(Short text fragments from websites)

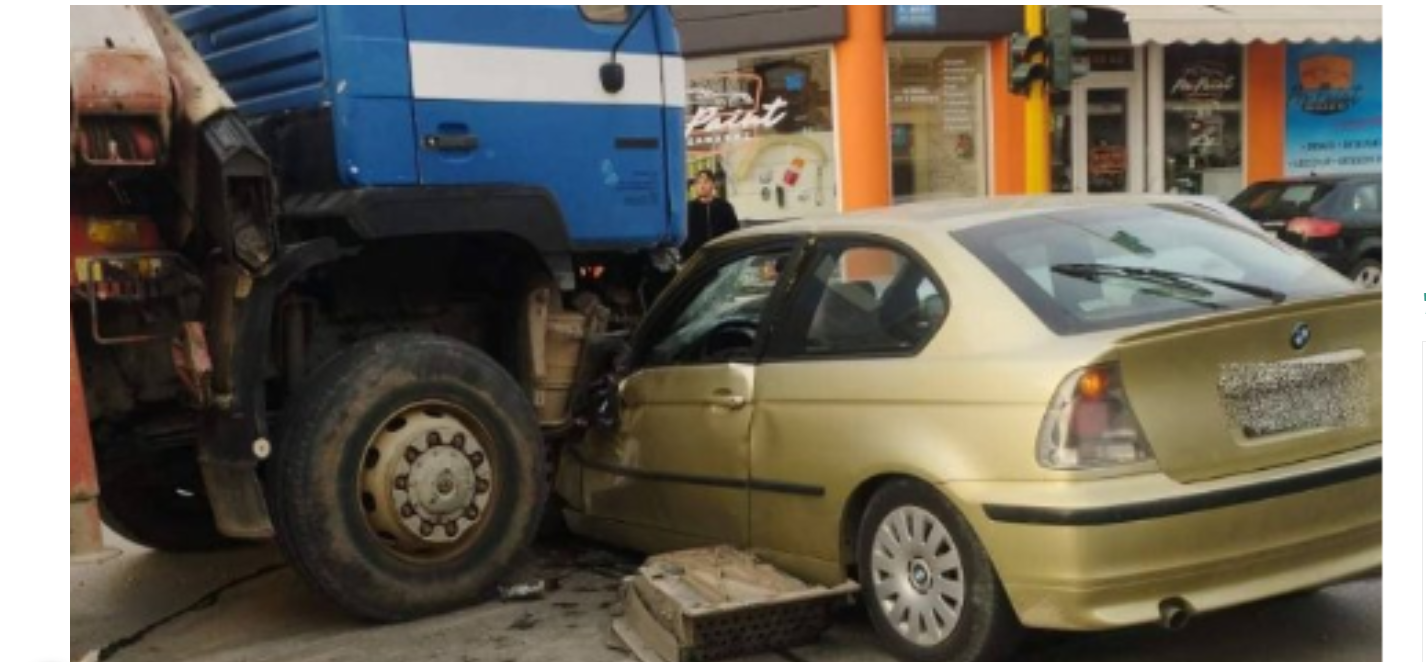 Κρήτη: Φορτηγό «εμβόλισε» ΙΧ – Γλίτωσε για μερικά εκατοστά η οδηγός (φωτο)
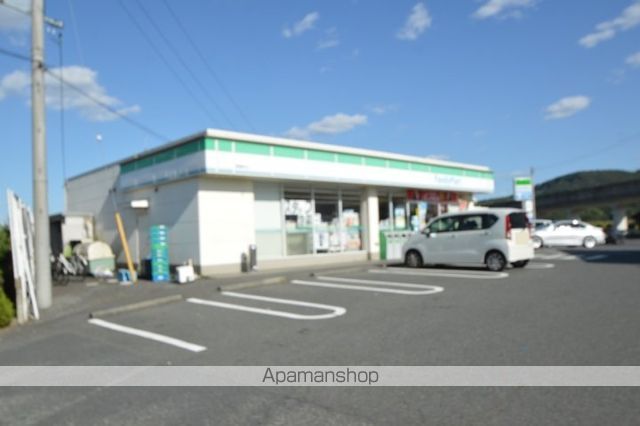 コンビニ　ファミリーマート真備町店（コンビニ）まで2049m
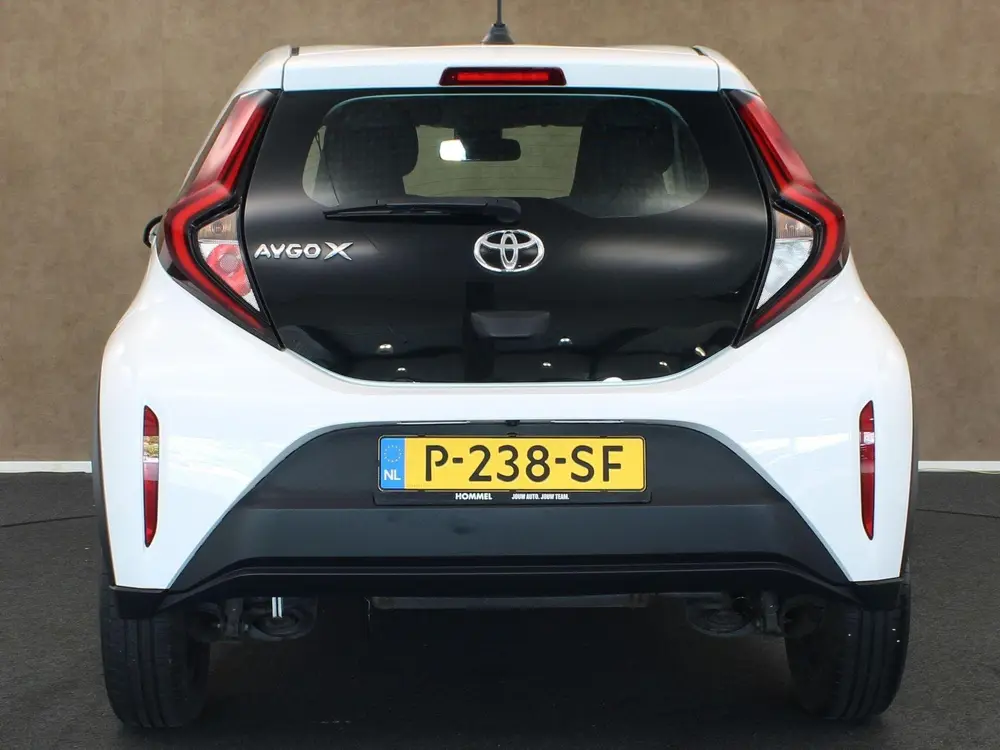 Toyota Aygo X 1.0 VVT-i S-CVT Play uit 2022, foto 10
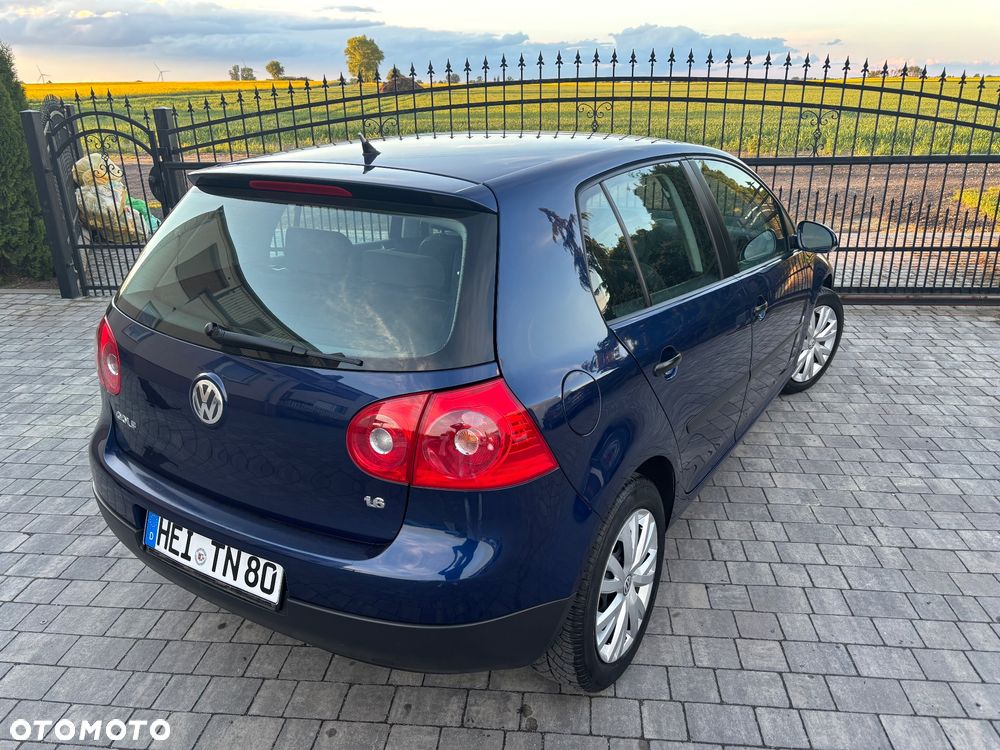 Volkswagen Golf 1.6 Basis - 4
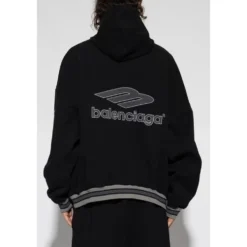 Sweatshirt med patches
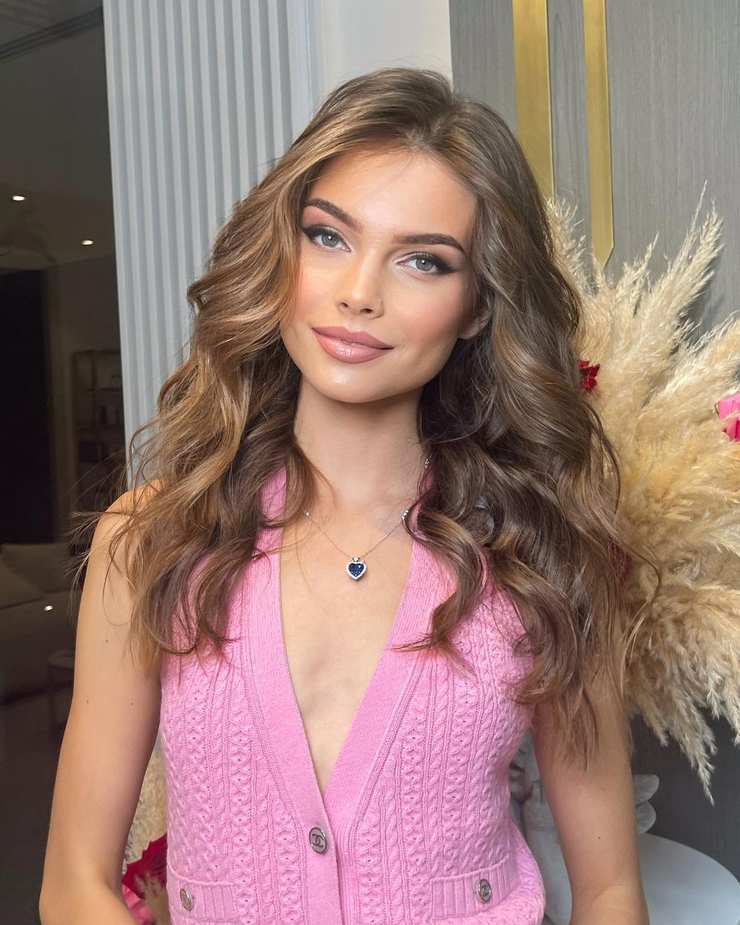 Yulia Polyachikhina Yulia Polyachikhina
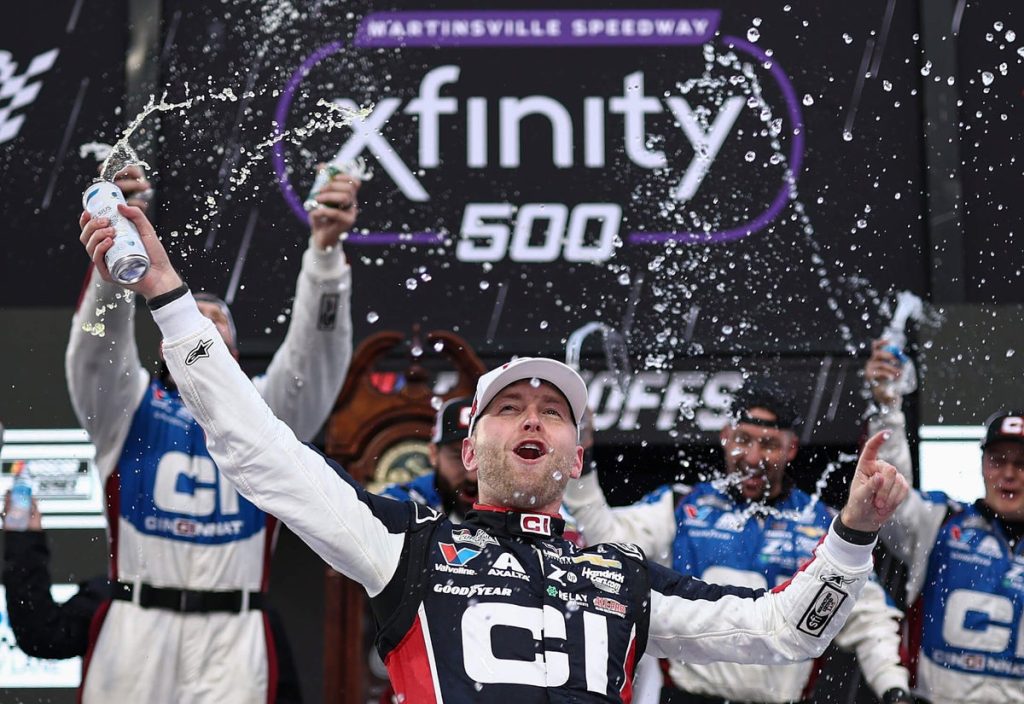 تم تعيين بطولة NASCAR 4: انضم ويليام بايرون وكايل لارسون إلى المجال المفتوح على مصراعيه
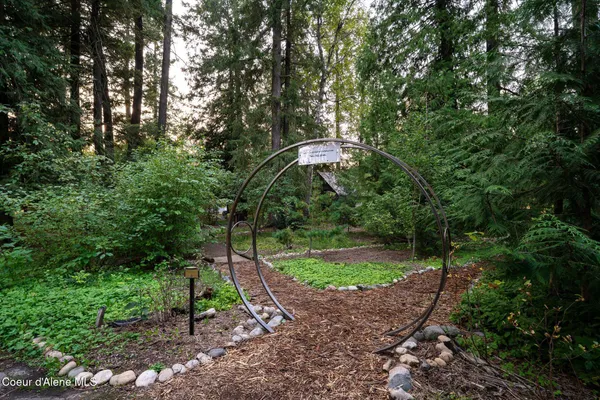 $369,000 | 424 South Olive Avenue, Unit 204, Sandpoint, ID 83864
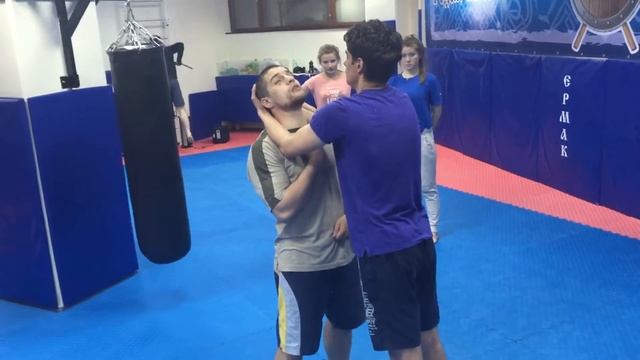 Прокачка шеи (базовая техника, тренировка Мма). смотреть онлайн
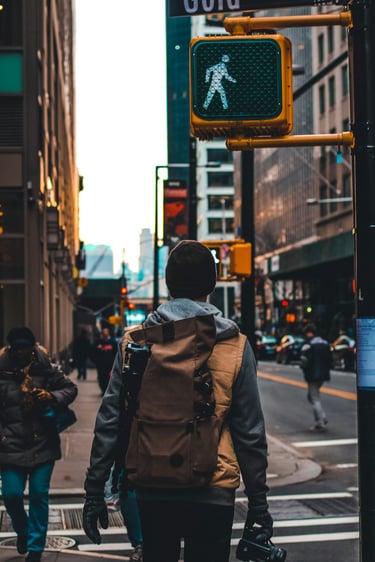 pessoa caminhando pela rua urbana hora dourada mochila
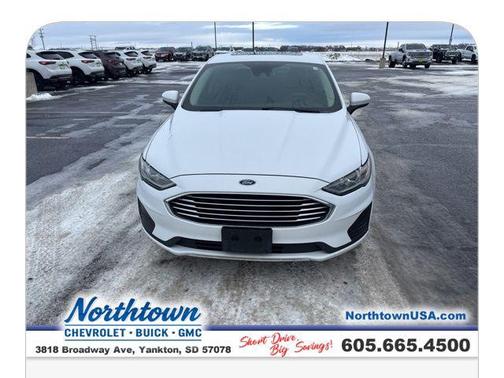2020 Ford Fusion SE
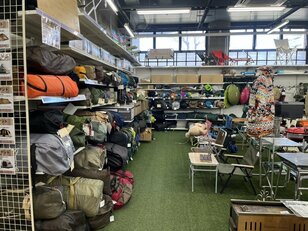 いまや宝の山！？  キャンプ道具「リユースショップ」活用法！  初心者なら定番セット、ベテランは垂涎のユニークギア発掘も！  売り場からレポート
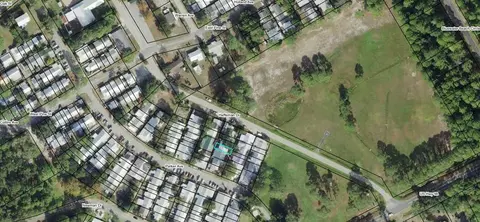 54 Parker Ave # -5, Lanark Village, FL 32323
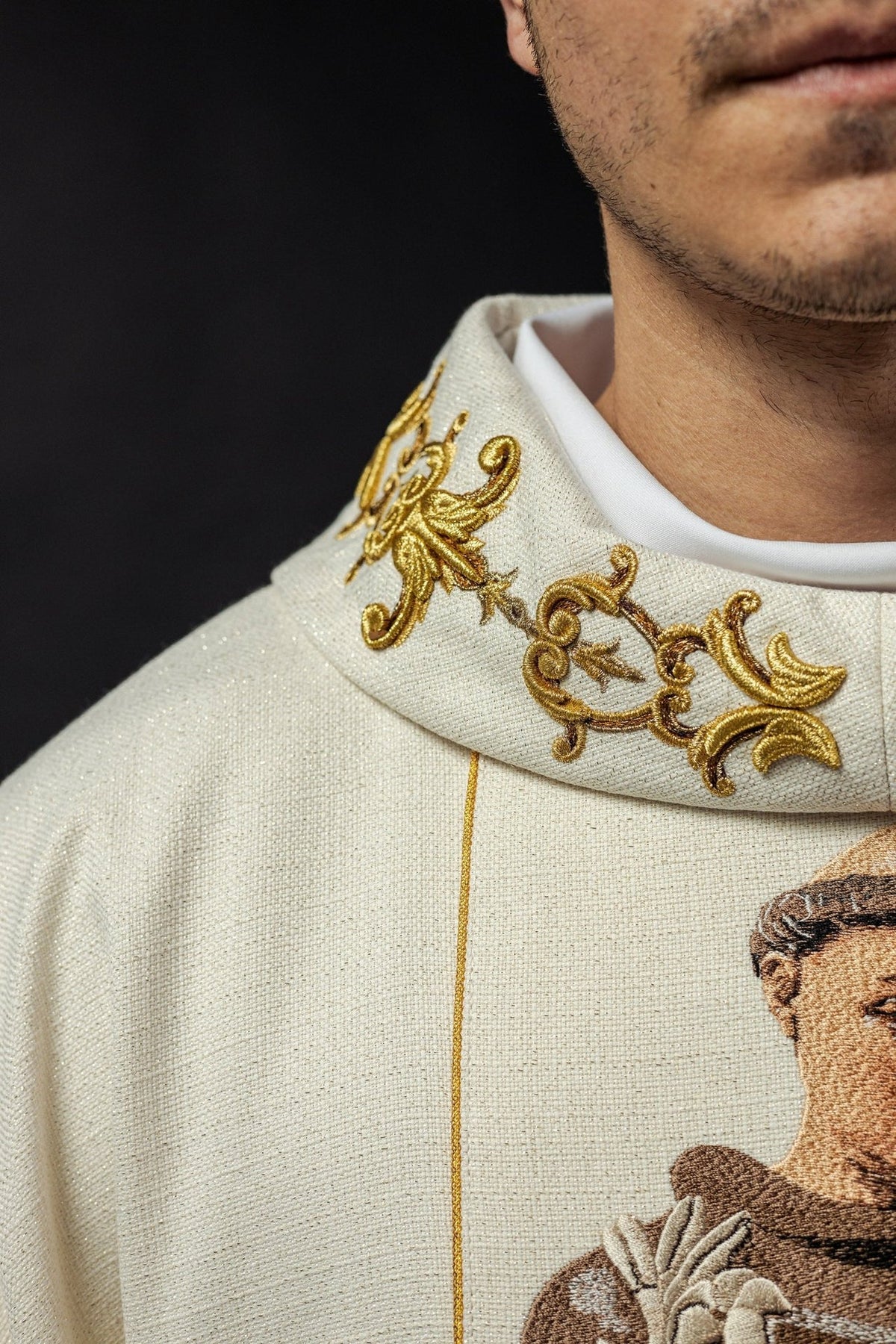 Saint Anthony chasuble close-up of the embroidered stand-up collar and gold motifs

## [What is being asked]
Repeat every record above exactly, except the pictures.

## [Solution to this exercise]
 Κρήτη: Φορτηγό «εμβόλισε» ΙΧ – Γλίτωσε για μερικά εκατοστά η οδηγός (φωτο)
 コンビニ　ファミリーマート真備町店（コンビニ）まで2049m
 Toyota Aygo X 1.0 VVT-i S-CVT Play uit 2022, foto 10
 Volkswagen Golf 1.6 Basis - 4
 Sweatshirt med patches
 Yulia Polyachikhina Yulia Polyachikhina
 تم تعيين بطولة NASCAR 4: انضم ويليام بايرون وكايل لارسون إلى المجال المفتوح على مصراعيه
 $369,000 | 424 South Olive Avenue, Unit 204, Sandpoint, ID 83864
 Прокачка шеи (базовая техника, тренировка Мма). смотреть онлайн
 pessoa caminhando pela rua urbana hora dourada mochila
2020 Ford Fusion SE
 いまや宝の山！？  キャンプ道具「リユースショップ」活用法！  初心者なら定番セット、ベテランは垂涎のユニークギア発掘も！  売り場からレポート
 54 Parker Ave # -5, Lanark Village, FL 32323
 Saint Anthony chasuble close-up of the embroidered stand-up collar and gold motifs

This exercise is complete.